Dilimde prangalar var, önümde sonu gelmeyen haksızlıklar. Her gün dünden daha karanlık bir dünyaya uyanıyor, aydınlık bir gecede, huzursuz bir sessizlik eşliğinde kapıyorum yorgun gözlerimi.
Etrafımda nereye baksam bir karmaşa, kime dönsem kendi kavgasında. Küskün birçoğu, kızmış birilerine, yabancılamış kendine. Hiçbiri tadını almıyor boğazına tırmana soluğun. Hepsinde bir geçim telaşı. Dalıp gidiyorlar, kaçırıp hayatı.
Ben de öyleyim işte.
Sürekli ıskalıyorum akışı. Gözyaşlarım beni geriye atıyor, yarışta sonuncu bile olamıyorum.
Elimde olsa diyorum, kuruturum gözpınarlarımı. Ebediyete kadar ıslanmaz pembe yanaklarım. Ama ne yazık ki hislerimin ipleri benim elimde değil. Bazen gülümsemek geçiyor içimden fakat dudaklarımın kıpırdadığı yok. Kendimi yönetemiyorum, her parçam ayrı telden çalıyor. Ruhum hepsinden ayrı bir ritim tutturmuş durumda.
Kendi içimde kendimi aramaktan bitkin düşüyorum bazen. Bulamamak değil de, kendimden başka herkesle rastlaşmak yoruyor beni.
Kum saatinden inen kumlardan daha çok kaarışıyor düşüncelerim birbirine. Dolaşmış iplikler gibi birbirine giriyor her defasında.

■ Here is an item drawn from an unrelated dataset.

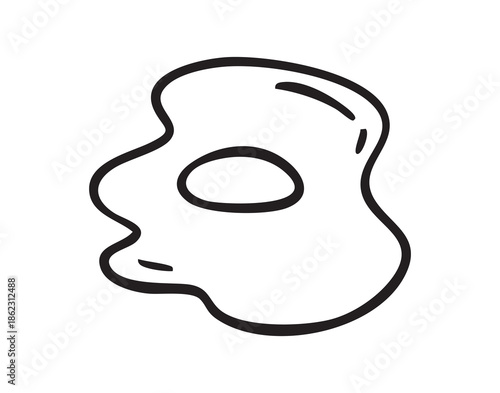 Single fried egg outline doodle hand drawn icon. Line art contour clipart symbol.
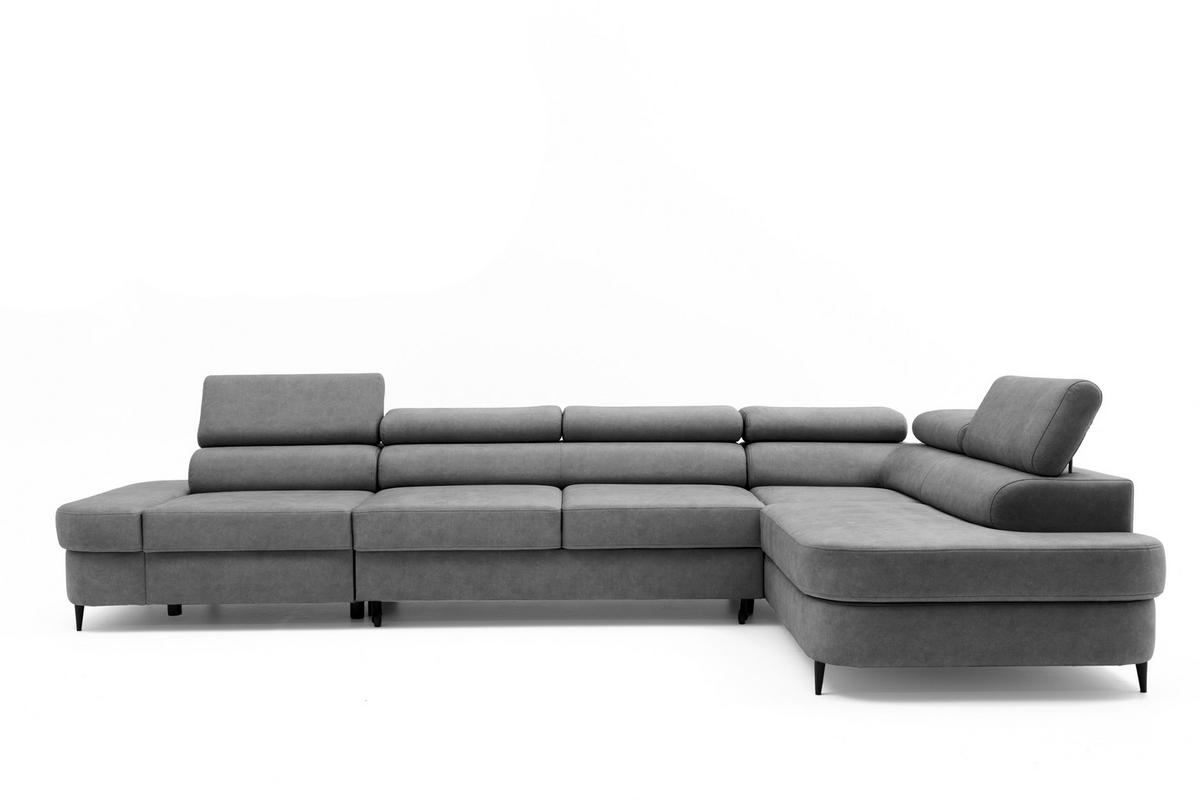 ECKSOFA PRIAM MAXI L-Form mit Schlaffunktion & Bettkasten, 6-Sitzer, 350cm, Verstellbare Kopfstützen, Ottomane Rechts - Grau, Holz/Textil (350/203cm) - Muffo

Bir mengeye sıkışmış gibiyim sürekli. Boğuluyorum, nefes alamıyorum. Sebebini bile düşünemeyecek kadar düşmüş omuzlarım. Kendimi bu boşluktan kurtaramıyorum.
Kalbim oldukça hassas, insanların acımasızlıklarıyla kavruluyor gözyaşlarım. Narinliğim başıma bela oluyor. Kaba insanların ayakları altında parçalanıyorum. Kalbim avuçlarıma dökülüyor.
Bazen cümlelerime nokta bile koyamıyorum. Ne başı belli, ne sonu.
Ne yapsam bilemiyorum. Başucu kitabıma sarılıyor, radyoyu kısıyorum. İnsanlardan soğuyor, hialkayelerde hayat buluyorum.
Gün geçtikçe kendime dönüyor ve bu dünyanın ağırlığı altında eziliyorum.